To determine whether Aurora B localization contributes to formation of the phosphorylation gradient, we used three different perturbations. First, brief (8 min) nocodazole treatment led to microtubule disassembly, spindle midzone disorganization, and dispersion of Aurora B throughout the cytoplasm11 (Fig. 3a, S7b–c). We observed loss of the normal H3(S10) phosphorylation gradient in 76% of nocodazole-treated HeLa cells (n=110) (Fig. 3a,d; S8d). Slight increases in H3(S10) phosphorylation were sometimes apparent on chromatin near the spindle midzone, most likely reflecting incomplete microtubule disruption (Fig. S7c). Second, we depleted the kinesin MKLP-2 with shRNAi (Fig. S8b–c), leading to loss of midzone localization of Aurora B in 63% of anaphase cells (n=27)12 and absence of the H3(S10) phosphorylation gradient in 70% of these cells (Fig. 3b,e).

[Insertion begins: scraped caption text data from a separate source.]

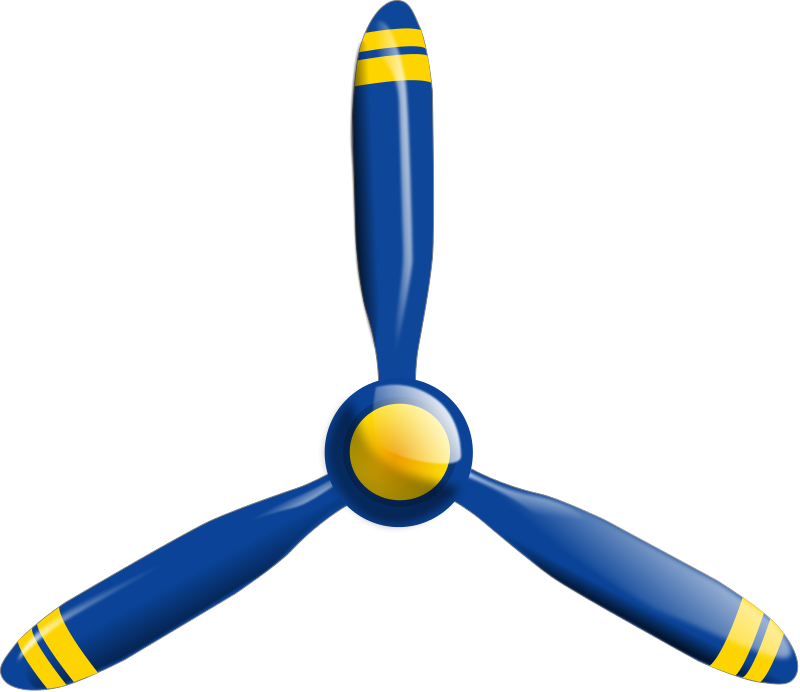 Blue and Yellow Aircraft Propeller Illustration | Aviation Graphics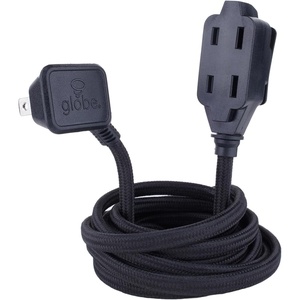 Globe Electric 22810 9ft Fabric Extension Cord, 3 Polarized Outlets, Right Angle Plug, 125 Volts, Black, Home and Office Decor, Modern Electronic Accessories, Indoor Flexible Power Cable(Black)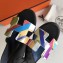 Hermes Heel 5cm Print Oasis Slipper Sandals Black/Blue
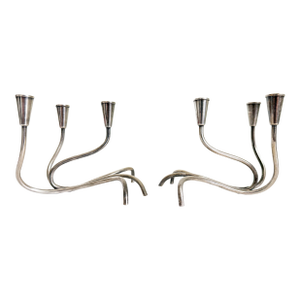 1940s Silver Plate Candle Holders by Carl Christensen, Denmark - A Pair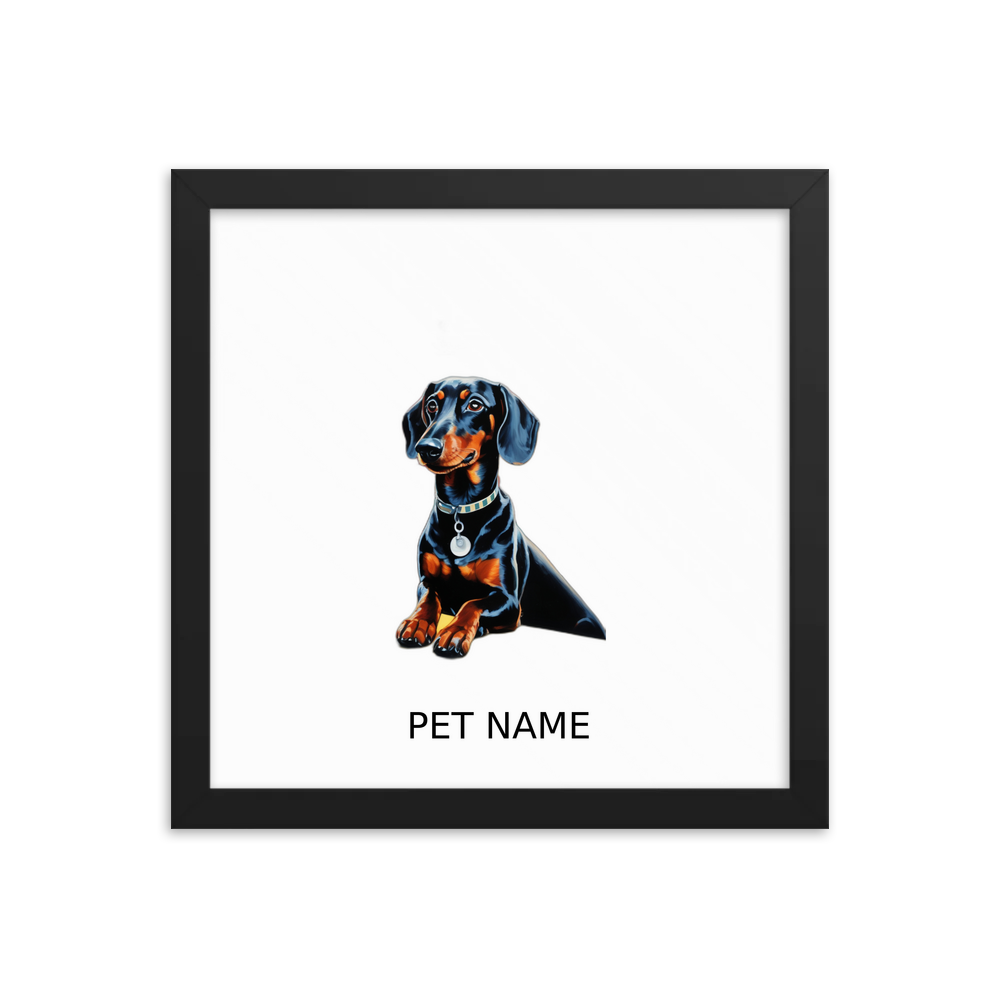 PugMug Custom Black Dachshund Framed Print with Your Pet’s Name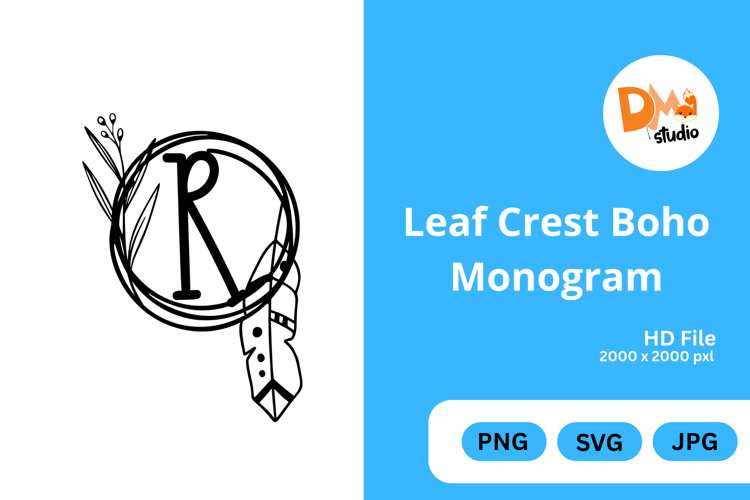 Leaf Monogram Svg Image 5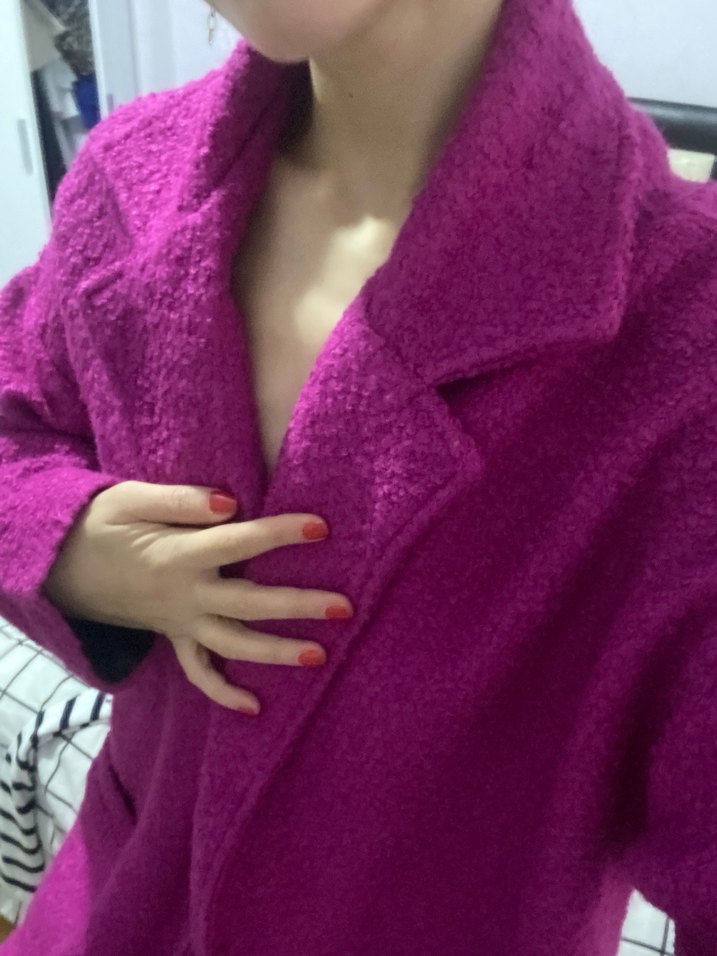 Pembe Midi Boy Düğmeli Kadın Kaban - Görsel 3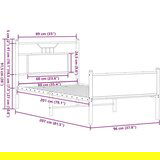 vidaXL Posteljni okvir brez vzmetnice hrast 90x200 cm inženirski les | Shoptok.si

Third, following expression of non-degradable cyclin B, Aurora B remained on chromosome arms in anaphase11,13, and the H3(S10) phosphorylation gradient was disrupted (Fig. S7e). Together, these findings indicate that the anaphase phosphorylation gradient depends on Aurora B localization to the spindle midzone.
Figure 3
Figure 3
The phosphorylation gradient requires Aurora B localization to the midzone
We next addressed how a gradient might be established. One of the best examples occurs during development, when morphogen gradients are produced by self-organizing systems that require localization of an activator and positive feedback14. To determine where Aurora B is activated during anaphase, we analyzed INCENP Ser-850 phosphorylation in Xenopus cells (Table S2) and Aurora B Thr-232 phosphorylation in HeLa cells. Both modifications are associated with full Aurora B activation15,16. Using phospho-specific antibodies, we find that both INCENP(S850) and Aurora B(T232) phosphorylation are limited to the spindle midzone (Fig. 3i, Fig. S6d), indicating that Aurora B activation is restricted to this site. Brief (8 min) treatment with an Aurora B inhibitor, Hesperadin17, led to disruption of midzone microtubule organization (Fig. 3g, Fig. S9a) and reduction of total phospho-INCENP(S850) staining by 88% (Fig. 3g, 3k, Table S3). Loss of phospho-INCENP(S850) is not caused by a decrease in INCENP protein, as Hesperadin treatment increased total INCENP staining during anaphase by over 70% (Fig. 3j, Fig. S9a, S9d–e). Together, these data suggest that Aurora B must be continuously activated during anaphase, and that active kinase localizes to the spindle midzone.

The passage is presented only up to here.